How to make a claim: opinion vs. arguable claims. What makes solid evidence? How to support a claim with evidence. How to quote and paraphrase.

What makes solid evidence?

The evidence needed to support your claim can come from a variety of sources.  Some sources will be considered more valuable than others so evaluating the quality and reliability of the information you have is very important. 

For example:

  • Use primary information from direct sources. Taking information from a secondary news source that is reporting on the results of the research study is often considered less reliable than taking the information directly from the research study itself. 
  • Consider the author and publication source of the information. What are their credentials? What is their expertise on the topic? Is the source cited by other authors?
  • Use data and statistics to support your claim.
  • Gather data yourself through interviews and conducting primary research.
  • Make sure your sources have shared where and how they gathered their information and data from: look at the sources they cite or their research methods.
  • Consider searching for peer-reviewed research articles

Say why and how this evidence supports your argument

After you introduce evidence into your writing, you must say why and how this evidence supports your argument. In other words, you have to explain the significance of the evidence and its function in your paper. What turns a fact or piece of information into evidence is the connection it has with a larger claim or argument: evidence is always evidence for or against something, and you have to make that link clear.

Answering these questions may help you explain how your evidence is related to your overall argument.

  1. OK, I’ve just stated this point, but so what? Why is it interesting? Why should anyone care?
  2. What does this information imply?
  3. What are the consequences of thinking this way or looking at a problem this way?
  4. I’ve just described what something is like or how I see it, but why is it like that?
  5. I’ve just said that something happens—so how does it happen?

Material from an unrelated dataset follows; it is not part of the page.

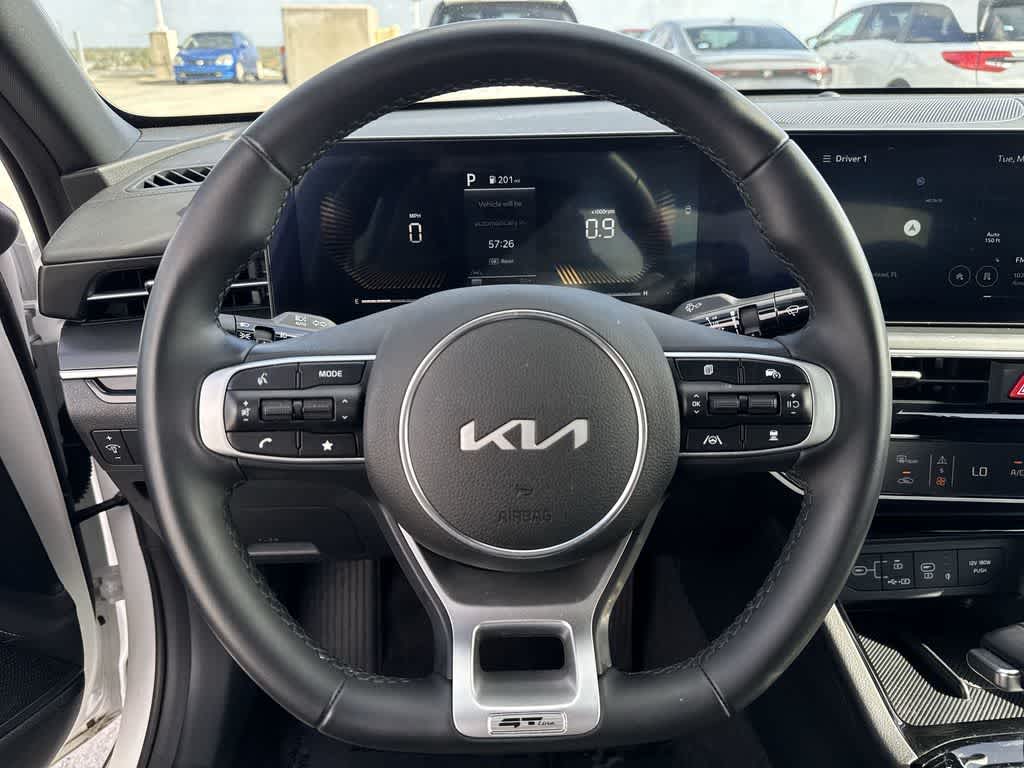 Thumbnail: 2025 Kia K5 - 14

How does it come to be the way it is?
  6. Why is this information important? Why does it matter?
  7. How is this idea related to my thesis? What connections exist between them? Does it support my thesis? If so, how does it do that?
  8. Can I give an example to illustrate this point?

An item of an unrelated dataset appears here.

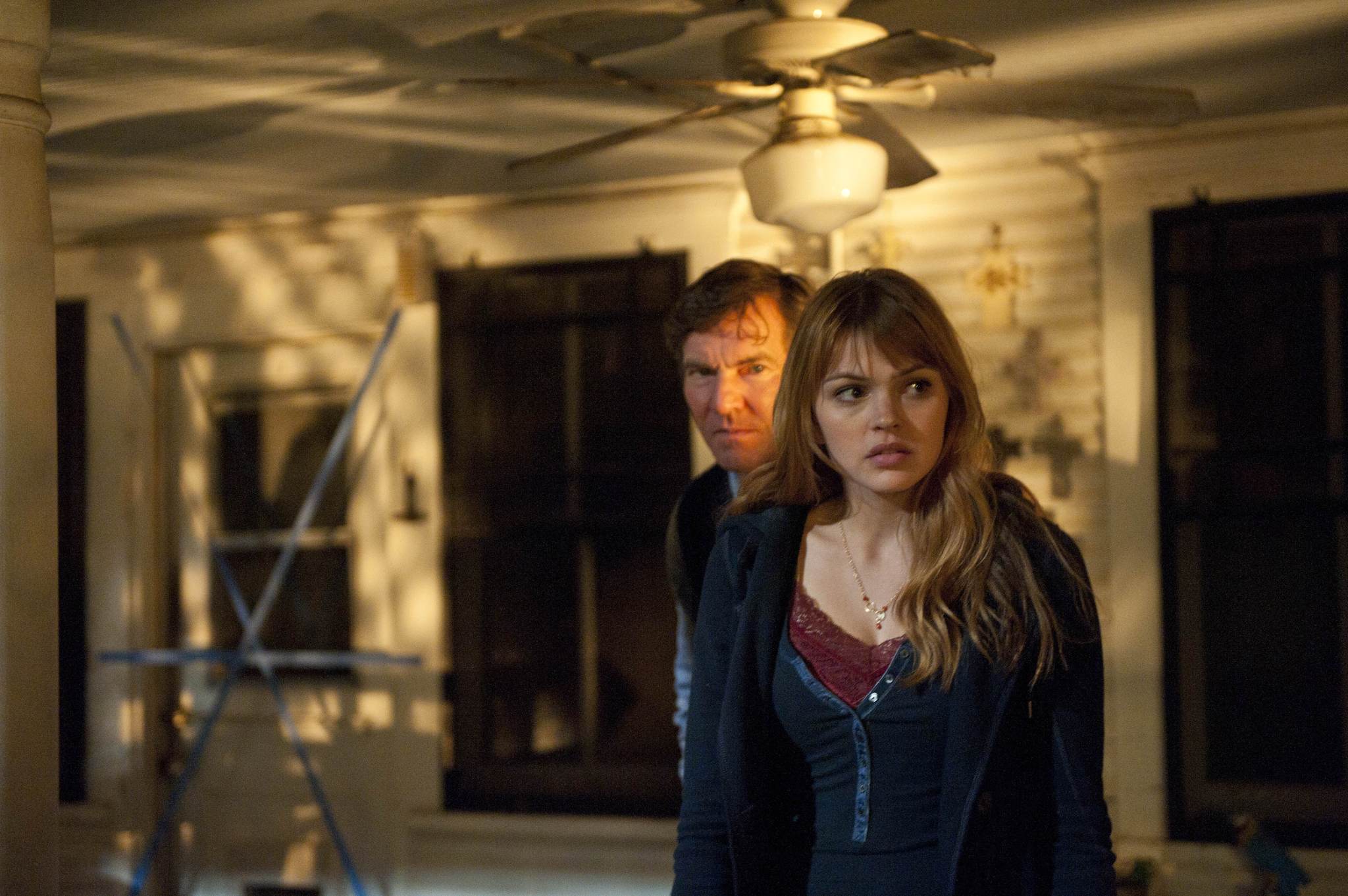Still of Dennis Quaid and Aimee Teegarden in Beneath the Darkness (2011)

From the Writing Center at  University of NC Chapel Hill

Do I Need More Evidence?

If you're unsure if you need more evidence, making a Reverse Outline can help.

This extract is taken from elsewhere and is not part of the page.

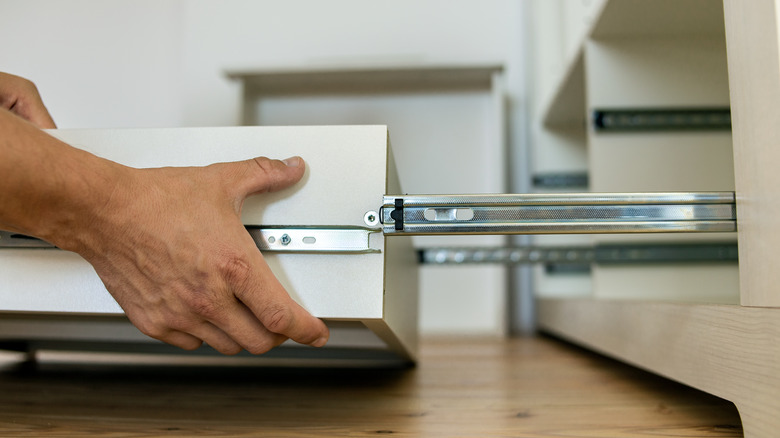 installing drawer sliders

What is a reverse outline? Why is it helpful?

• You create a reverse outline after your essay has been written.

• The reverse outline helps you to analyze what you’ve already written, looking for repetitions, or points that might not be in the most effective order.

• The reverse outline shows the “big picture” of the paper.

How do I create a reverse outline?

▪ Write or type a number next to each of your paragraphs throughout the whole paper.

▪ For paragraph 1, write #1 on the first line of a separate sheet of paper, and list the main point(s) of that paragraph (a phrase or short sentence)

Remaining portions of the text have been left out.